High-Resolution Bathymetric Reconstruction From Sidescan Sonar With Deep Neural Network
Abstract: This talk will present our work of proposing a novel data-driven approach for high-resolution bathymetric reconstruction from sidescan. Sidescan sonar (SSS) intensities as a function of range do contain some information about the slope of the seabed. However, that information must be inferred. Additionally, the navigation system provides the estimated trajectory, and normally the altitude along this trajectory is also available. From these, a very coarse seabed bathymetry can be obtained as an input. This coarse bathymetry is then combined with the indirect but high-resolution seabed slope information from the sidescan to estimate the full bathymetry. This sparse depth could be acquired by single-beam echo sounder, Doppler Velocity Log (DVL), other bottom tracking sensors or bottom tracking algorithm from sidescan itself.
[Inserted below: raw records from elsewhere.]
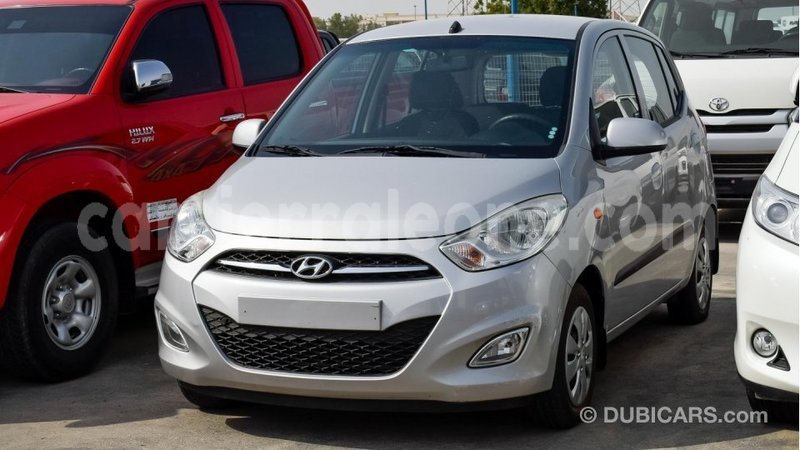 Big with watermark hyundai i10 kailahun import dubai 4748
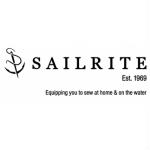 Sailrite Voucher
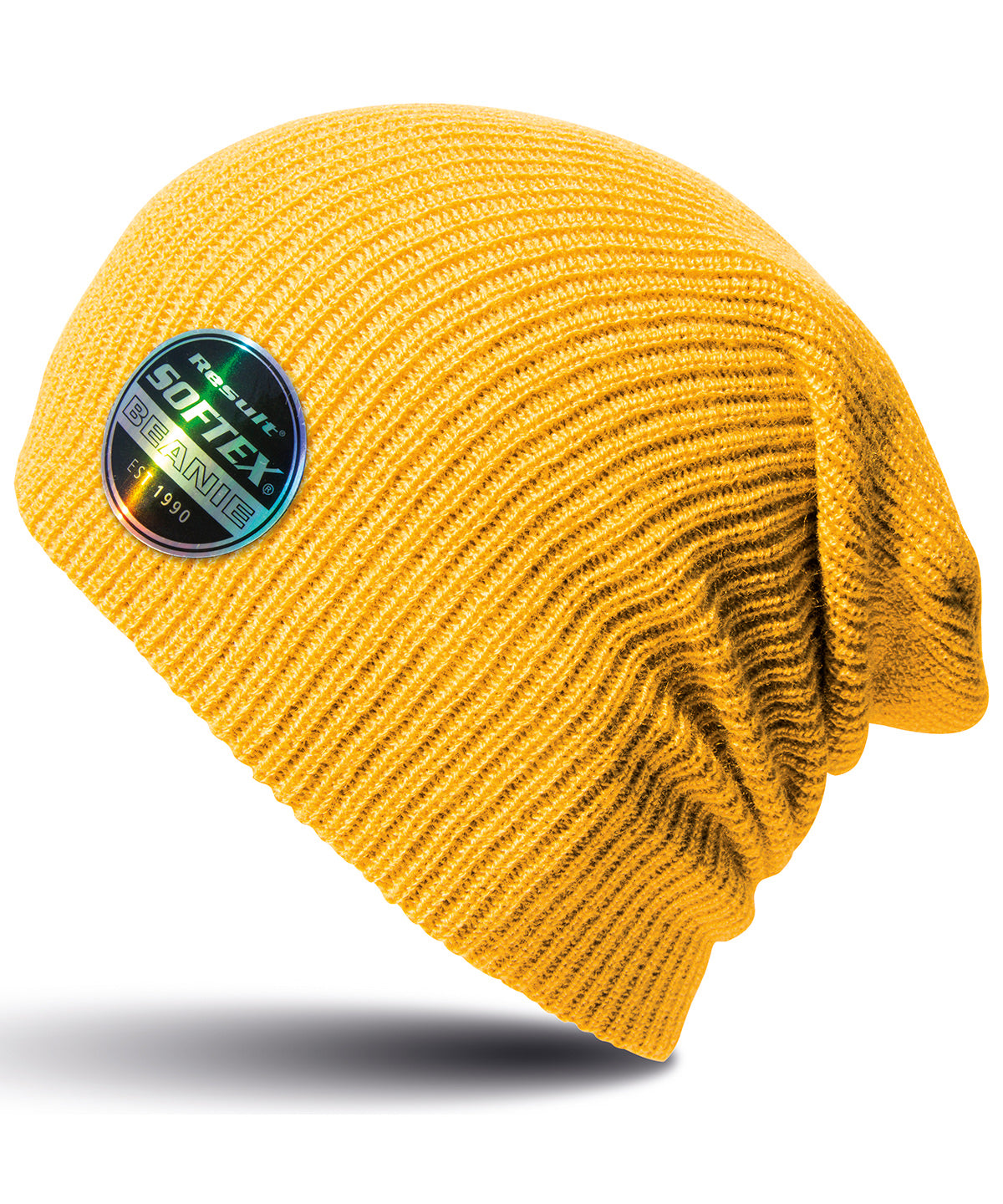 Húfur - Core Softex® Beanie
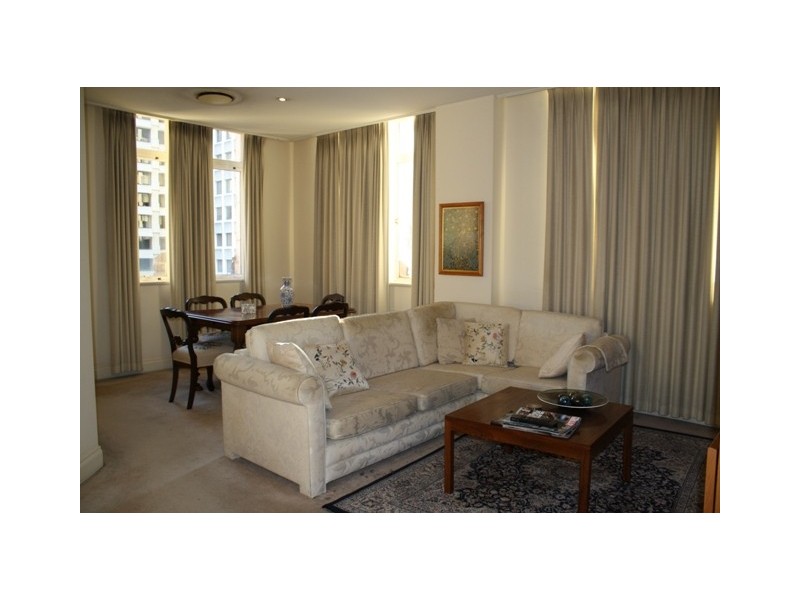 38/289 Queen Street, Brisbane QLD 4000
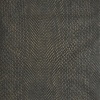 Papel Pintado Piel de serpiente - AJMER 04 | MURAKE - 45034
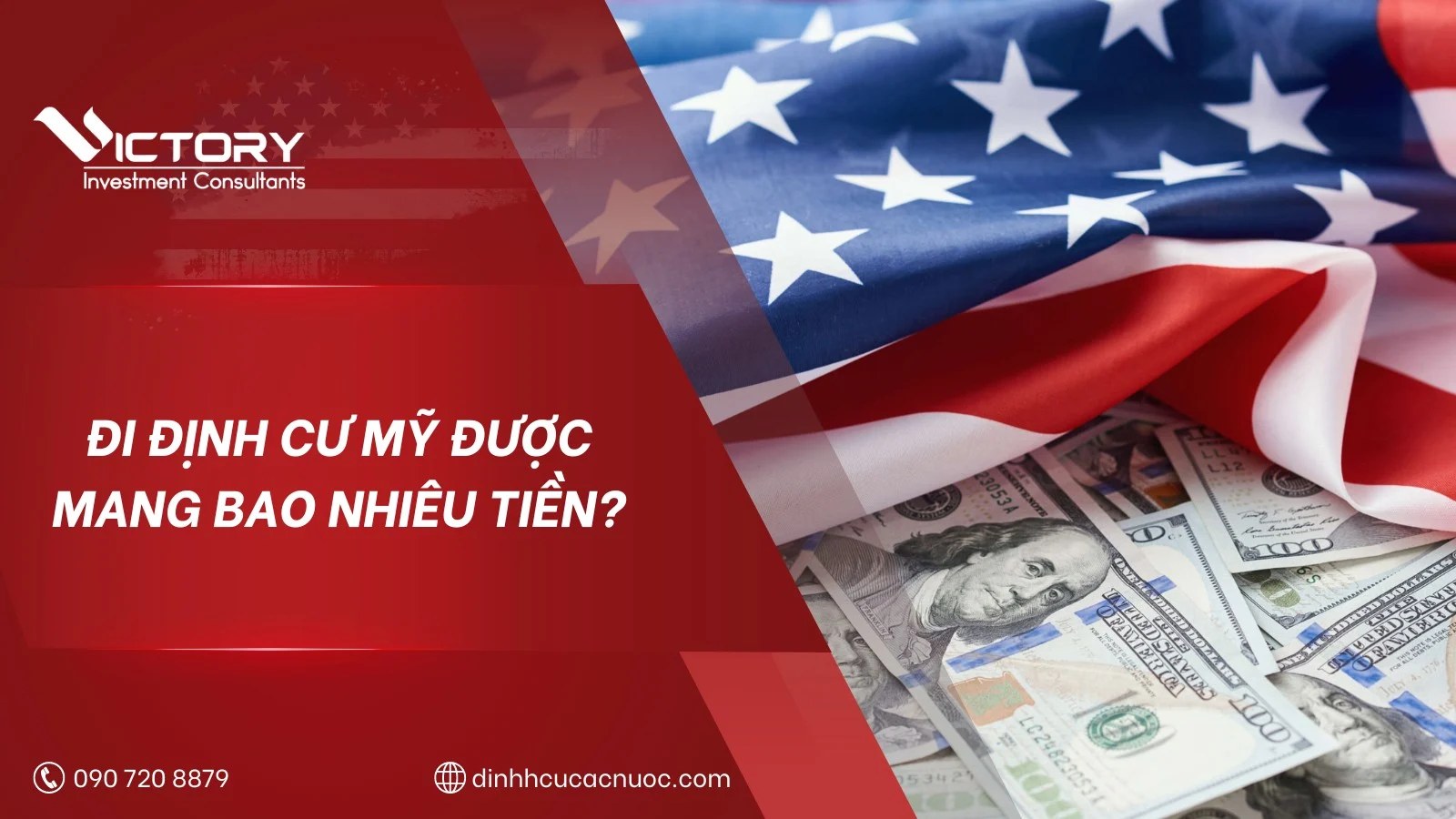 dinh cu my duoc mang bao nhieu tien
A fully convolutional network is used to estimate the depth contour and its aleatoric uncertainty from the sidescan images and sparse depth in an end-to-end fashion. The estimated depth is then used together with the range to calculate the point’s 3D location on the seafloor. I will present that a high-quality bathymetric map can be reconstructed after fusing the depth predictions and the corresponding confidence measures from the neural networks. I will show the improvement of the bathymetric map gained by using sparse depths with sidescan over estimates with sidescan alone. I will also show the benefit of confidence weighting when fusing multiple bathymetric estimates into a single map. Finally, I would discuss the future work of improving the map in fine details by introducing another way to represent the map.
Christopher Iliffe Sprague
Task execution with behaviour trees
Abstract: Behaviour trees (BT) are mathematical models of task execution plans. In comparison to finite-state machines, they have the advantages of modularity — allowing components to be easily replaced and reused — and a deliberative structure — enabling goal-orientated behaviors. Due to these advantages, we have made heavy use of BTs in the SMaRC project to accomplish high-level goals with our AUVs in scenarios such as target searching and environmental monitoring. To achieve high-level goals, a BT delegates the use of low-level controllers, which are often inherently continuous in time. Despite this, virtually all formulations of BTs have been in discrete time. In this talk, I will present some of our recent results on formulating BTs in continuous time. Additionally, I will present some previous related results.